Jennifer (on the phone with a concerned citizen): Well sir, not a lot of turkeys survive Thanksgiving!
- Suspiciously Similar Song: Most of the replacement music (for syndicated/DVD releases) sounds nothing like the original music. However, when a plot point or mood depends on a specific song (such as "Hot Blooded" in "A Date with Jennifer" or "Your Smiling Face" in "I Want to Keep My Baby"), a more obvious soundalike will be used.
- Vindicated by History: a middling successful TV show during its run, WKRP now regarded as one of the best Work Com shows ever.
- Values Dissonance: Herb's relentless pursuit of Jennifer (and management's seeming tolerance of it) would likely result in a sexual harassment lawsuit nowadays.
- Jennifer quits her “Ask Arlene” advice show when a caller’s husband turns abusive after the caller asserts herself as Jennifer recommended. Jennifer blames herself for breaking up a happy marriage, and no one contradicts her. A reaction like this would be nearly unthinkable today.

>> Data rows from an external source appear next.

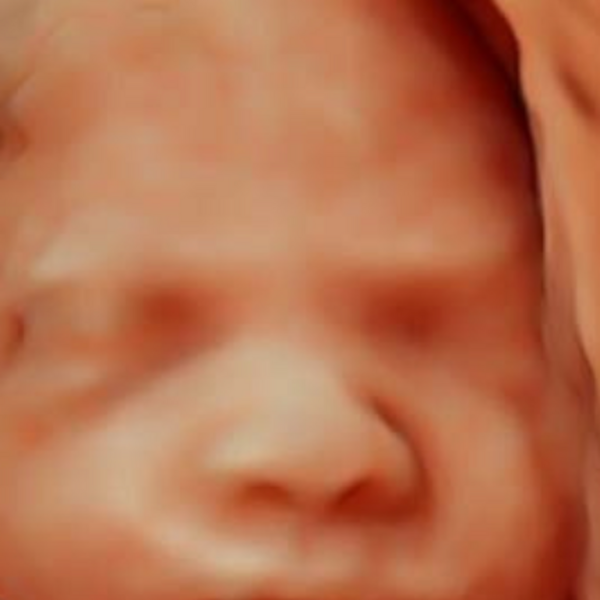 Ultrasonido de crecimiento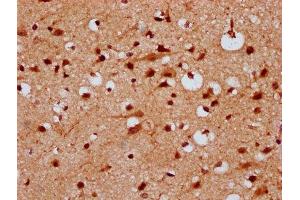 IHC image of ABIN7157277 diluted at 1:300 and staining in paraffin-embedded human brain tissue performed on a Leica BondTM system. (KLHL2 Antikörper  (AA 1-200))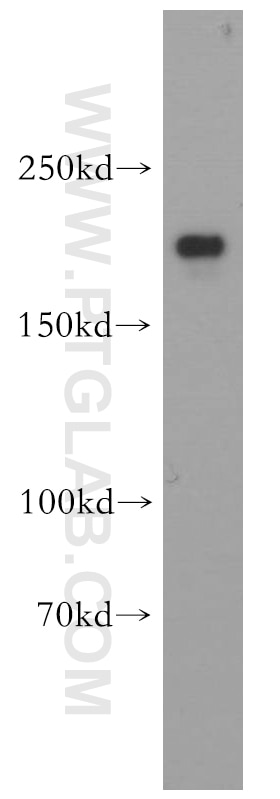 Western Blot (WB) analysis of human brain tissue using CNOT1 Polyclonal antibody (14276-1-AP)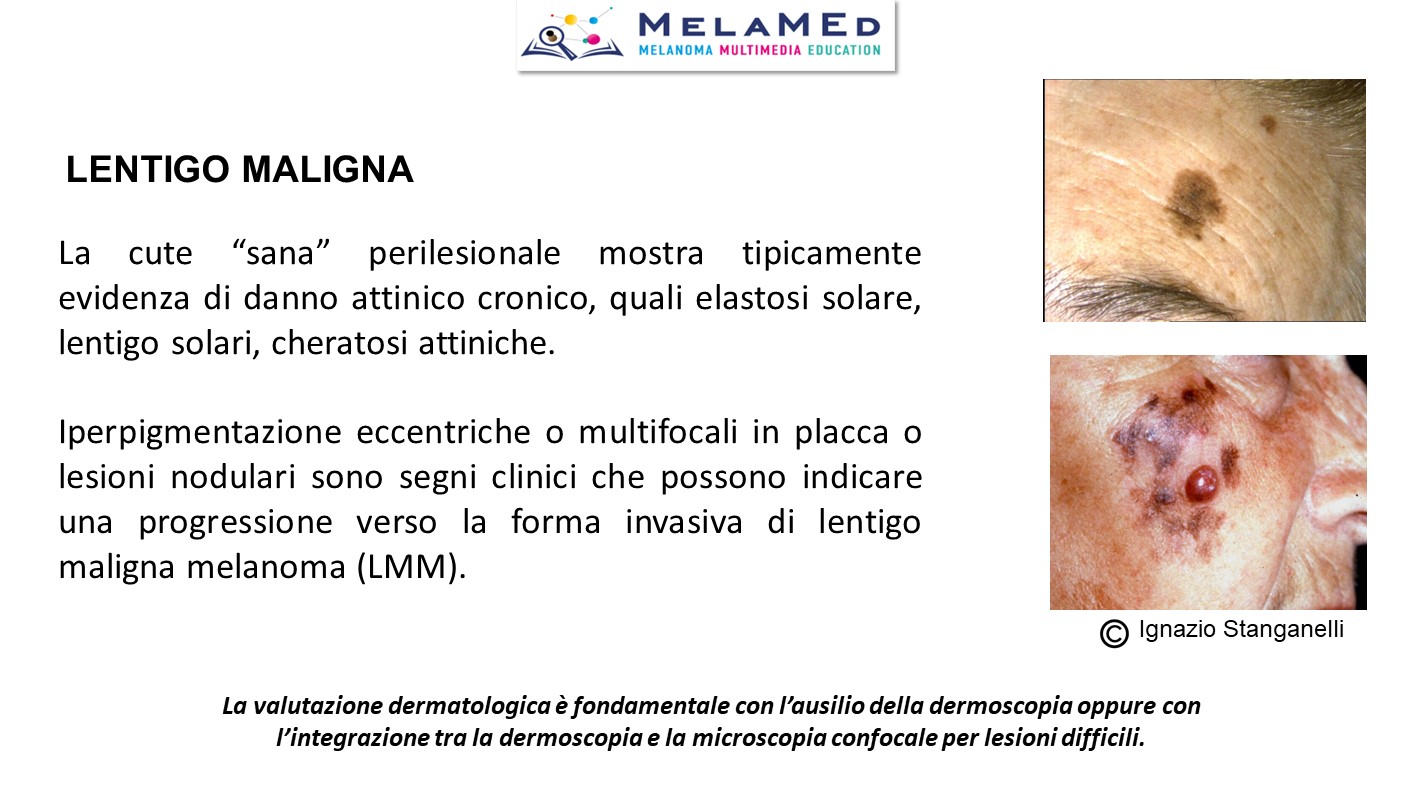 Caso clinico 4 Pizzichetta (14)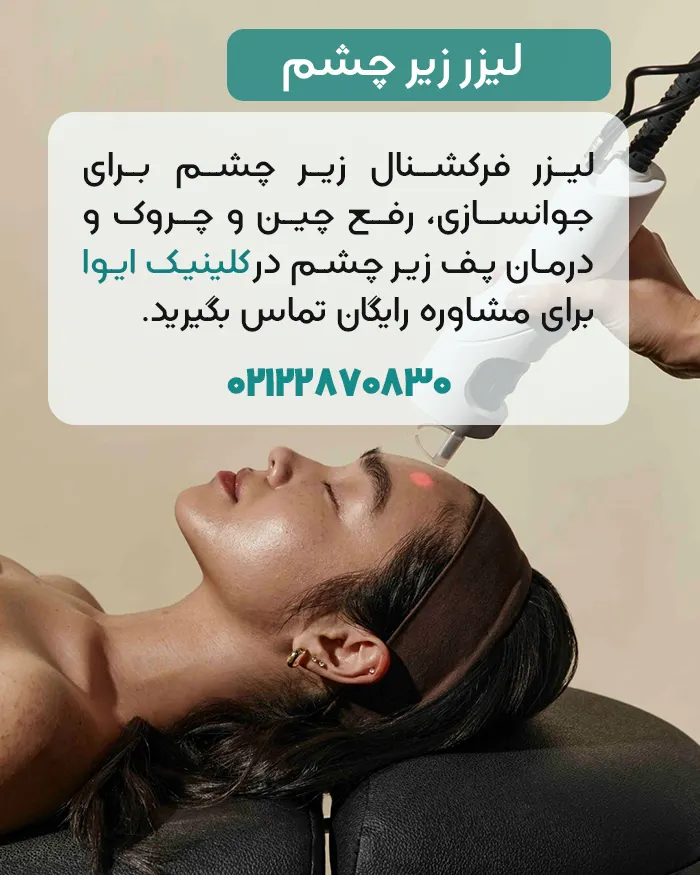 لیزر فرکشنال زیر چشم در ایوا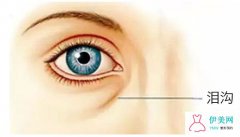 玻尿酸填充泪沟有什么好处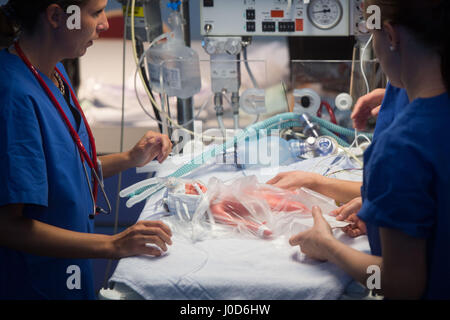 Tuebingen, Germany. 12th Apr, 2017. Doctors carry out a demonstration using a doll representing a prematurely born baby in the women's clinic in Tuebingen, Germany, 12 April 2017. 'Paul', a premature birth simulation system, can simulate a variety of scenarios and is used for training purposes in the hospital. Photo: Lino Mirgeler/dpa/Alamy Live News Stock Photo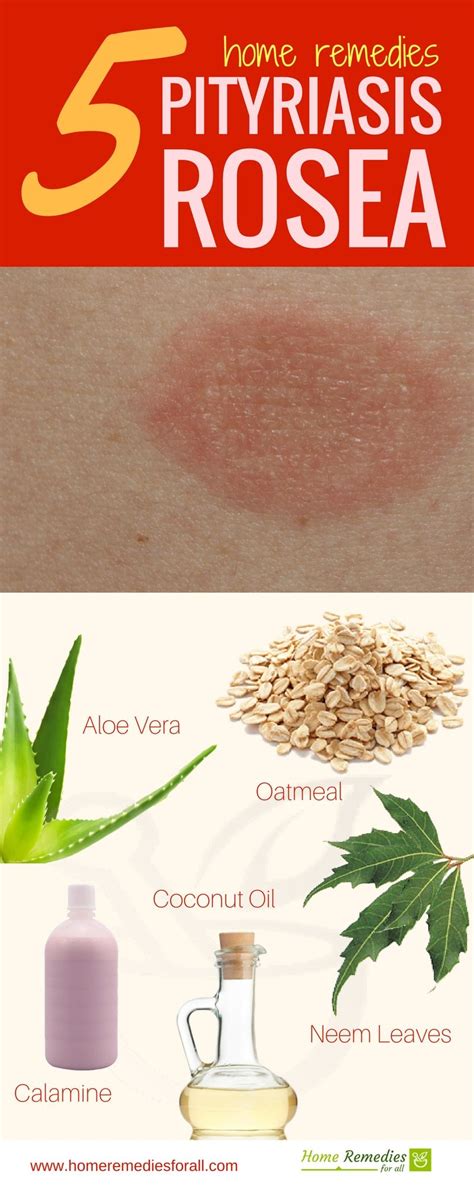 the best 11 pityriasis rosea treatment at home learnearnart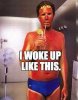 beach burn.jpg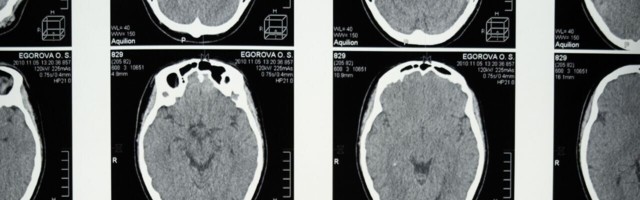 Cambridge scientists say new AI tool could diagnose dementia from a single brain scan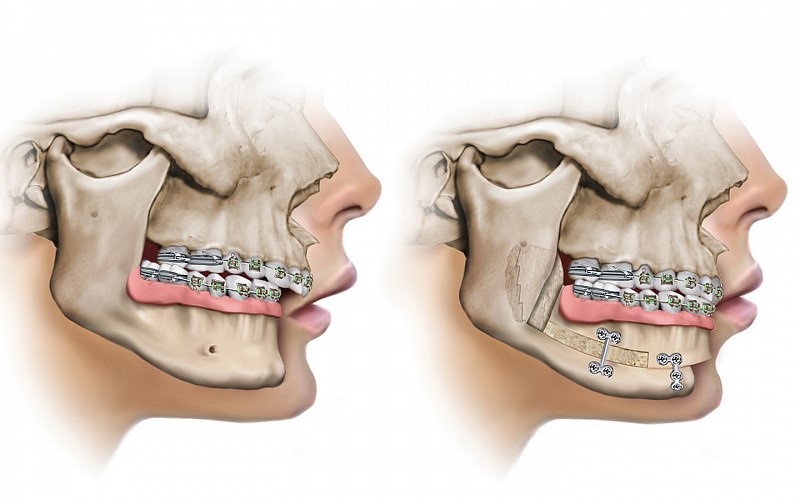 Хирургическая коррекция прикуса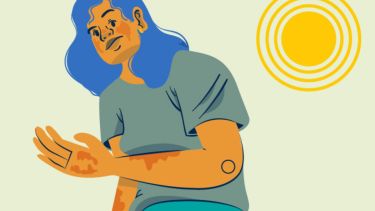 Día Mundial del Lupus: la enfermedad que ataca el cuerpo y que el 58% del mundo apenas conoce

- Bailey happens to walk in on a conversation between Les and Herb, the latter of whom has been kicked out by his wife. Herb has declared that he doesn't want to go back to her, and Les is trying to persuade him to do so. Bailey walks in just in time to hear Herb declare "Face it, Les, whatever we had, it's over!" To which Les says "You can't just throw away a beautiful relationship!" and Herb counters "You can't just base a relationship on sex!" while Bailey sinks into her chair, mortified.
- WTH, Costuming Department?: Venus's early outfits had to be seen to be believed. Perhaps the most outlandish was the "Huggy Charms" outfit from "Goodbye, Johnny."
- Herb's loud suits were part of his dishonest, used-car-salesman personality, and were lampshaded on numerous occasions.